Voilà bien l’isolement profond, celui dont on ne peut sortir, où il faudrait amener les autres, n’y ayant point d’autre moyen de s’unir à autrui, et n’y servant de rien d’aller aux autres : Isolé par les pensées mêmes qu’on a le plus longtemps couvées, et qu’on caresse le plus, de la communion humaine. Une vue étendue du monde est un spectacle sans merci de notre propre solitude. Je pense toujours à Jésus sur sa croix, ou même à Socrate dans sa prison. Jésus peut douter de tous les hommes. Socrate peut douter de la Cité. Pourtant, Socrate a ses amis, et il sourit à la ciguë, en faisant vœu à Esculape : c’est pourquoi Socrate meurt si sereinement.
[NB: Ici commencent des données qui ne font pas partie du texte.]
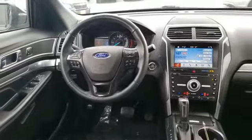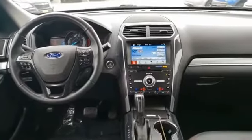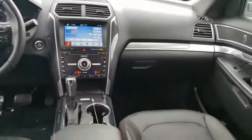This vehicle offers reliability and good looks at a great price. So come in and take a test drive today.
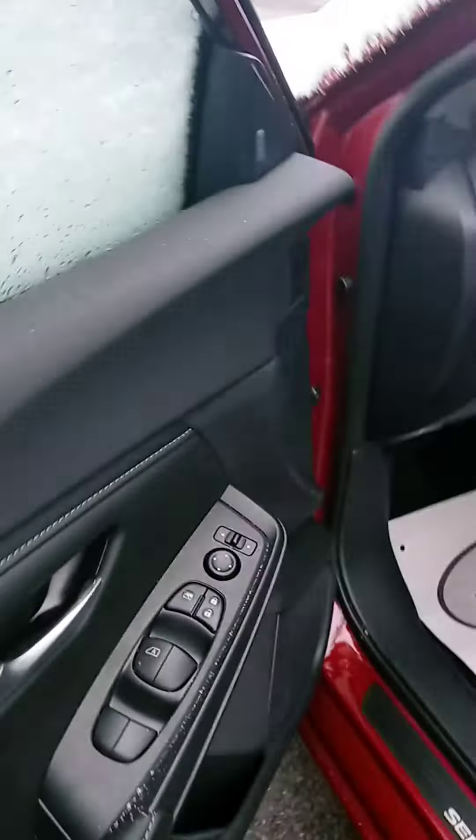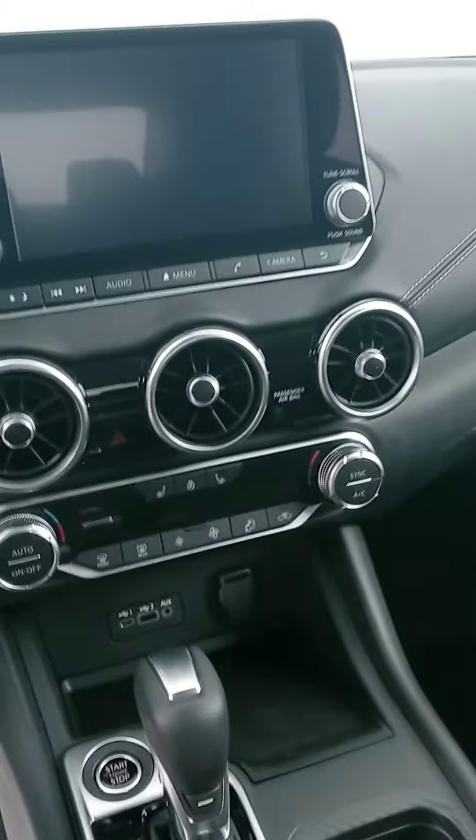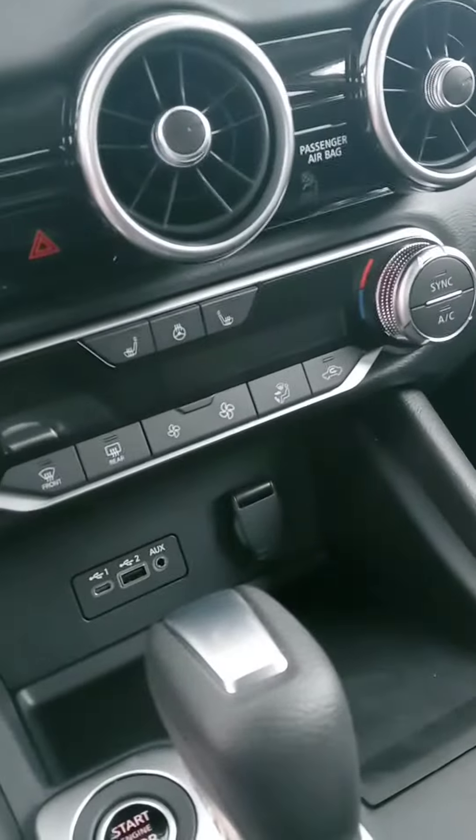You do have a plug-in in the back for the folks sitting back there. Nice, safe, reliable vehicle with good gas mileage. Your touchscreen with your backup camera, easy to adjust vents, temperature controls. This one does have heated seats and a heated steering wheel, plus plug-ins.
Il est admirable de sagesse ; mais déjà en lui perce Épicure, si triste, selon moi, étant tout raison, et le plus résigné des hommes : mieux vaut encore une vie, qui est agonie, qu’une vie qui est la mort même. Mais vous, Jésus, pour tout ami vous avez l’éponge et le vinaigre sur la bouche, et vos lèvres sont brûlées par la dérision ; l’ironie amarifie votre soif agonisante. Il n’est point permis de vous rien comparer. Cependant, la puissante solitude suce aussi son vinaigre, et en rend sa soif plus acide. Point d’amis : car l’ami est celui qui nous comprend assez pour nous chérir, et je le trouve plus sûr que celui-là même qui nous aime assez pour nous comprendre. Nos cœurs sont de viande : ils se gâtent, ils se corrompent ; ils se déchirent aussi.

Tolstoï est donc seul, en dépit de sa gloire. Il vit retiré. Il n’a pas même conquis ceux de son sang : quelques-uns lui résistent. L’admiration l’accompagne, qui croit bon de se corroborer de blâme : car ce qu’elle admire surtout en lui, c’est qu’il lui reste incompréhensible. Les puissances de la terre honorent en lui une puissance, mais ne l’aident pas. Il avait un compagnon : il l’a perdu. Tolstoï, qui aime l’univers, est en lutte avec l’ordre universel : car il ne faut pas le vouloir à sa manière. Il n’est pas en prison, parce qu’il n’y en a pas une assez grande pour lui.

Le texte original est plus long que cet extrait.